Título: De casuísmo em casuísmo
Autor: Dora Kramer
Fonte: O Estado de São Paulo, 18/12/2005, Nacional, p. A8

Há nove anos, fizeram de tudo (e mais um pouco) para aprovar; ano passado apresentaram proposta na Câmara para revogar, na semana passada deflagraram ofensiva para extinguir de vez o instituto da reeleição. Quatro dias atrás, porém, os tucanos começaram pensar de novo em mudar de posição e a reavaliar a conveniência política defender uma tese diametralmente oposta àquela que, segundo diziam em 1996, daria não apenas mais um mandato para Fernando Henrique Cardoso, mas significaria um avanço para democracia brasileira.

Como não poderia deixar de ser, ao levantar a bandeira do fim da reeleição, o PSDB foi acusado de oportunismo e de ter, lá atrás, recorrido a um expediente casuístico com o intuito exclusivo de prolongar sua permanência no poder.

Diante das críticas, principalmente de que a proposta de cinco anos de mandato único teria a intenção de aplacar as divergências entre os diversos postulantes do PSDB à candidatura presidencial, a direção do partido na última reunião da Executiva reabriu a discussão.

Pôs na mesa a possibilidade de um recuo com receio de criar um problema desnecessário justamente num momento favorável à oposição.
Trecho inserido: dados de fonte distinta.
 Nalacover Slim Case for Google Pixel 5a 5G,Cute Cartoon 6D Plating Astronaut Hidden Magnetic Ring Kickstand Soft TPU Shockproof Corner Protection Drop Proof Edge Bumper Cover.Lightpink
"Todas as atitudes agora tem de ser postas na balança", diz o secretário-geral do PSDB, deputado Eduardo Paes. A ele, particularmente, a hipótese do recuo ainda não convence, embora reconheça razão nos que alertam para o risco de o tucanato abrir a guarda ao bombardeio por causa de uma questão de importância relativa.
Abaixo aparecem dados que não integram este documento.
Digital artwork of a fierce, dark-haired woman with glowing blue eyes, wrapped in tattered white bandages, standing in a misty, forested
O mais ilustre defensor da manutenção da reeleição é o governador de São Paulo, Geraldo Alckmin, pré-candidato a presidente.

Mas outras figuras de destaque no partido, como o presidente Tasso Jereissati, o prefeito José Serra e o governador de Minas Gerais, Aécio Neves, acham que a hora de aprovar a emenda revogatória apresentada em 2004 pelo deputado Jutahy Magalhães é no início de 2006.

"Assim o presidente eleito já iniciaria o mandato dentro das novas regras do jogo", argumenta o senador Jereissati. Mas ele aceitou na reunião da Executiva as ponderações de que há um clima desfavorável em relação à oportunidade da abordagem do tema.

O ex-presidente Fernando Henrique Cardoso, por exemplo, consultado por Aécio Neves, aceitou dar apoio ao fim da reeleição, mas reservou-se o direito de fazê-lo discretamente, pois - com toda razão - considerou que, como beneficiário da emenda aprovada em janeiro de 1997, não seria o porta-voz mais autorizado para defender sua revogação agora.

O governador de Minas reconhece as dificuldades. "Não passaremos por esse debate incólumes." Aécio diz ter mudado de opinião não por causa das conveniências eleitorais de seu partido agora. Mudou, afirma, quando passou a perceber a reeleição sob a perspectiva do ocupante de cargo executivo.

"Antes, quando era parlamentar, não tinha noção de que a reeleição era, na verdade, uma armadilha para o governante. Ele não pode deixar de concorrer a um segundo mandato sob pena de desarticular todo seu governo, desagregar seu grupo político e admitir-se fracassado diante da opinião pública."

Aécio faz um raciocínio hipotético tomando seu caso como exemplo: "Se eu resolver concorrer ao Senado, não posso abrir mão da reeleição sem que isso signifique o fim do meu governo e atraia para mim a ira dos aliados."

Na teoria, este e todos os outros argumentos fazem sentido. Mas, na prática, não há comprovação de que a experiência não tenha dado certo. Além disso, as razões alegadas agora para justificar que a reeleição não foi "uma boa idéia" já existiam quando seus detratores atuais a consideravam algo próximo da redenção da democracia no Brasil.

Hoje invocam o falecido Mário Covas para dar sustentação aos seus motivos, mas, à época, deixaram o então governador de São Paulo falando sozinho contra a emenda da reeleição. Chegou a ser visto como um opositor do governo de FH.

As ponderações de Covas eram exatamente no sentido das alegações de agora: que o governante ficaria exclusivamente referido no projeto de reeleição e o concorrente na posse do cargo ou teria a tentação de abusar do uso da máquina administrativa, ou sofreria essas acusações por parte dos adversários.

Da mesma forma, protestava contra a política de juros altos, mas esta já é outra história.

Pelas beiradas

A pesquisa Datafolha apontando o favoritismo do ex-governador Orestes Quércia na disputa pelo Palácio dos Bandeirantes só não surpreendeu o próprio.

Há pelo menos seis meses Quércia vem se movimentando como candidato ao governo de São Paulo baseado no ambiente observado em suas andanças pelo Estado.

O resultado poderá reacender no PMDB a animação com a candidatura própria à Presidência, se ficar demonstrado que há relação entre o quadro paulista e o possível anseio do eleitorado a uma alternativa ao binômio PT-PSDB no plano nacional.